I was even more terrified when she stirred her hand around my groin.
‘Ton petit bâtiment n’est pas très fort,’ she said. She sounded surprised.
I tried to wrench myself free, but she was gripping my shirt with her other hand. When she shifted her buttocks slightly to steady her position, I was able to work one of my hands loose from the book.
The girl wobbled precariously, her knees still pressing down on the book, while I flailed my arm. I caught hold of her hair, tightened my fist, yanked her head down as far as it would go.
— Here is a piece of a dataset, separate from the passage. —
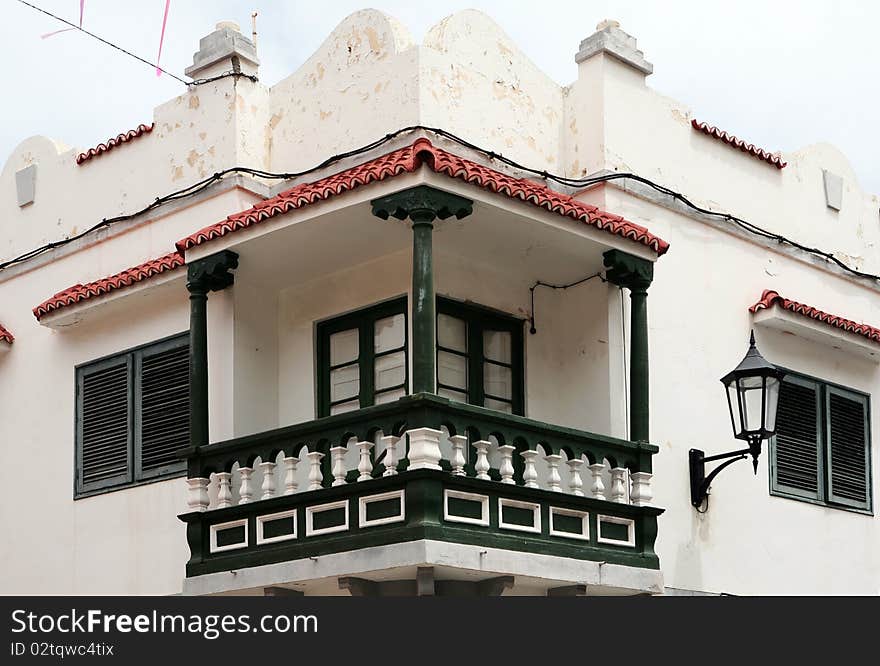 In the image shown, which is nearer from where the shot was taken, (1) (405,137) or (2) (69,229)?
(1) (405,137)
Yelping with pain, she snatched her hand out of my trousers, grabbed my arm and sank her teeth into my wrist, using her other hand to claw my cheek.
I screwed up my eyes so hard that the tears beaded out at the corners. Neither of us would let go.
I don’t know how long we were locked together like that, spluttering to stifle our pain. Suddenly the pressure of her knees on my pinioned hand lifted. There was a loud crack and then a thud.
The binding of the book had split open along the spine, causing the girl to slide off the table on to the carpet amid a flurry of loose sheets.